■ Input:

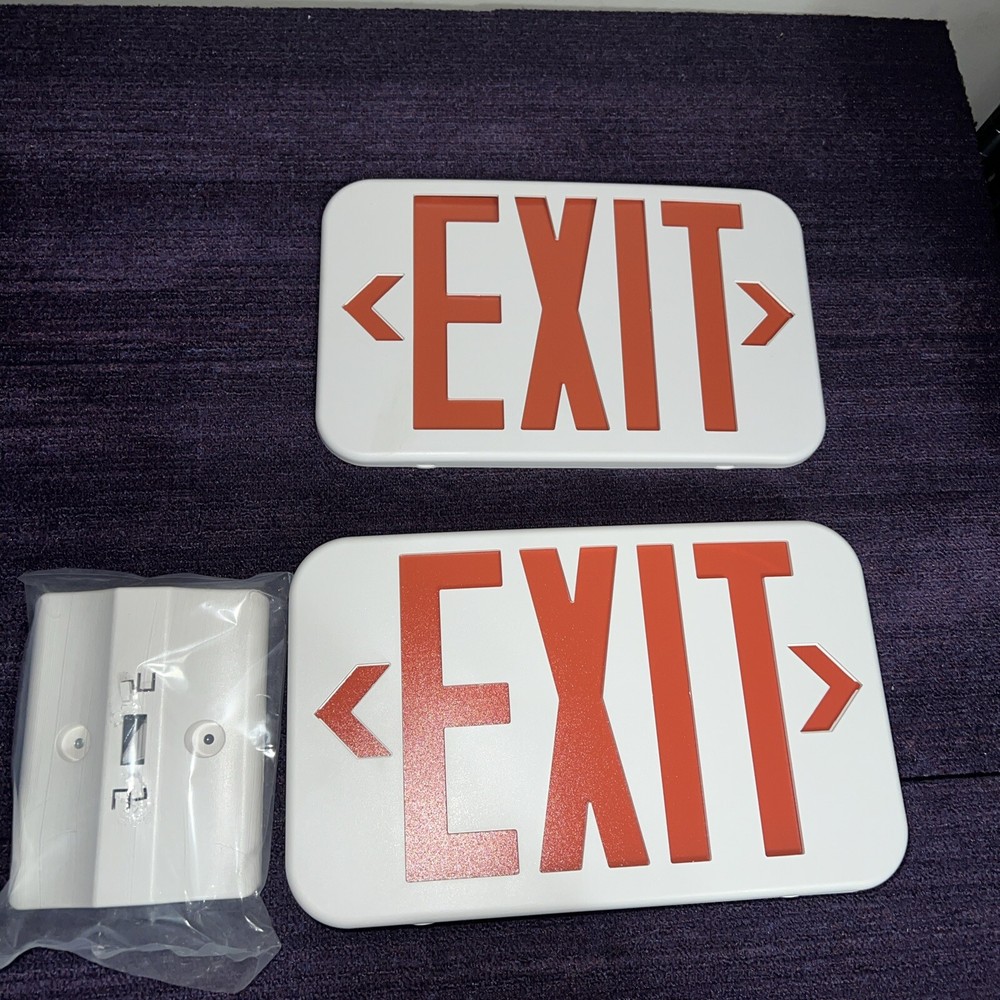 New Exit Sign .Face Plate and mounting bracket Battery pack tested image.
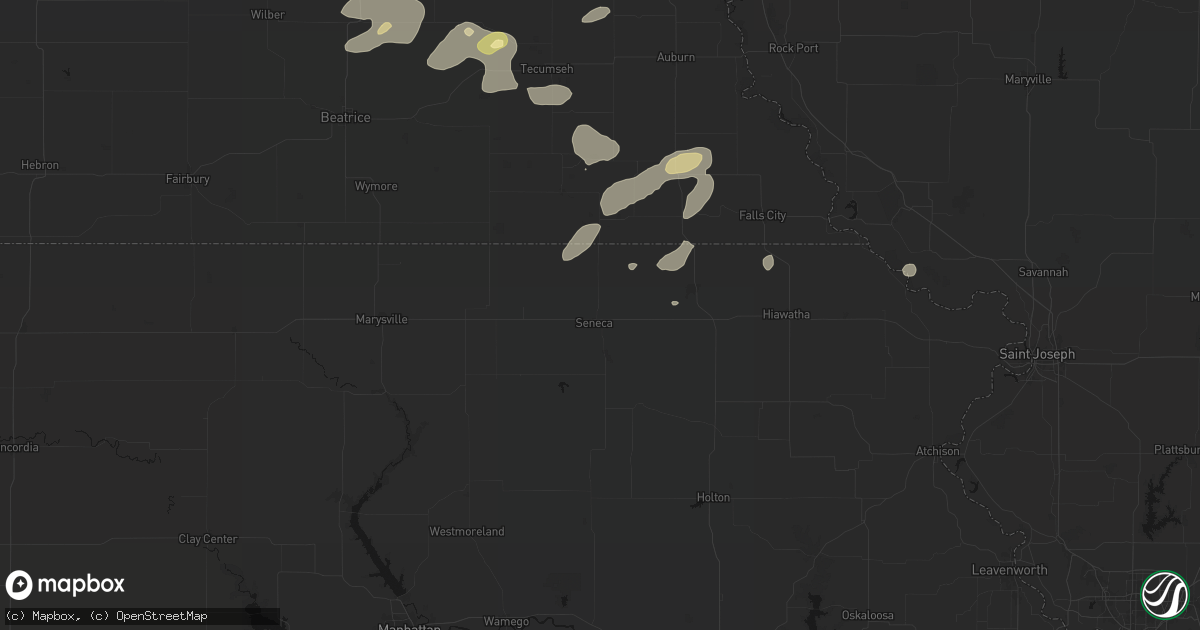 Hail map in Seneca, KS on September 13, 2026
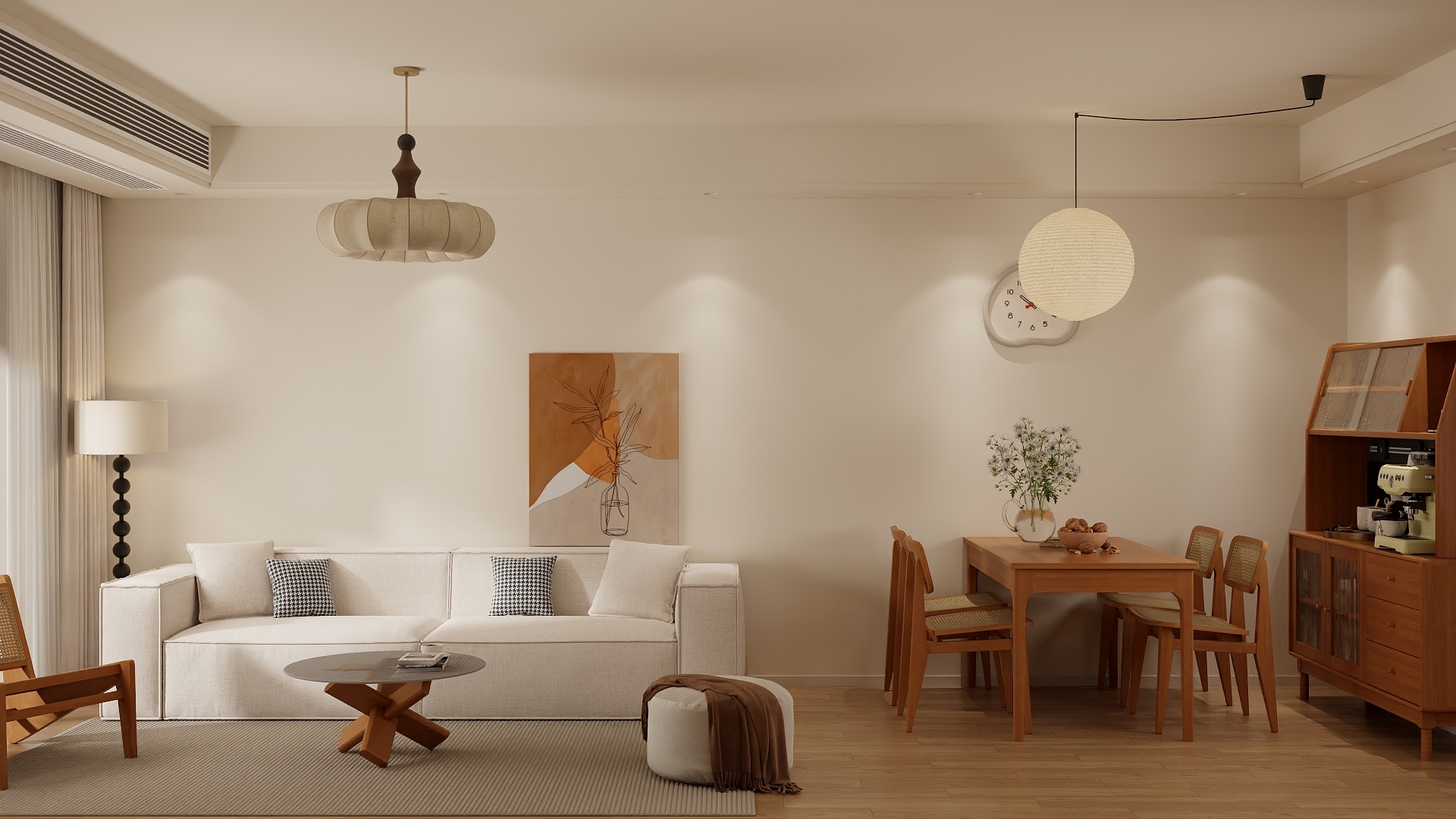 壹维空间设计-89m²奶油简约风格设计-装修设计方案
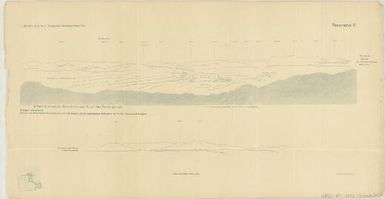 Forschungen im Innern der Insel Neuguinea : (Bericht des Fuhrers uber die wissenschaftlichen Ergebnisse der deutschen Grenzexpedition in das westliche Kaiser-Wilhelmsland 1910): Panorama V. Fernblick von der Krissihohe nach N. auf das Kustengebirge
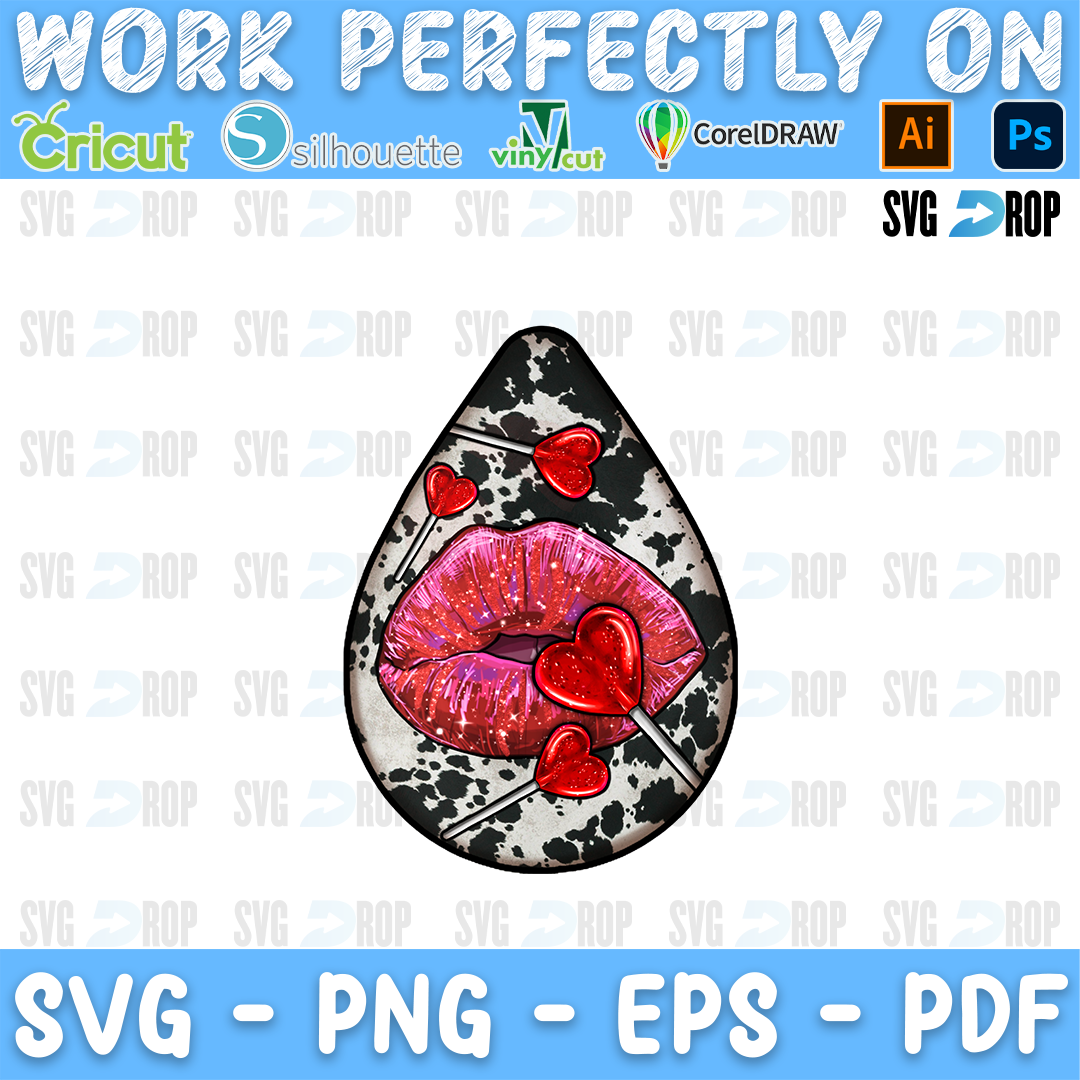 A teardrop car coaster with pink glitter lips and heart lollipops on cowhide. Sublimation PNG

■ Problem details: Each line from the one with "壹维空间设计-89m²奶油简约风格设计-装修设计方案" to the last line of the listing should be returned exactly, both ends included, and no picture with them.

■ Finished exercise:
 壹维空间设计-89m²奶油简约风格设计-装修设计方案
 Forschungen im Innern der Insel Neuguinea : (Bericht des Fuhrers uber die wissenschaftlichen Ergebnisse der deutschen Grenzexpedition in das westliche Kaiser-Wilhelmsland 1910): Panorama V. Fernblick von der Krissihohe nach N. auf das Kustengebirge
 A teardrop car coaster with pink glitter lips and heart lollipops on cowhide. Sublimation PNG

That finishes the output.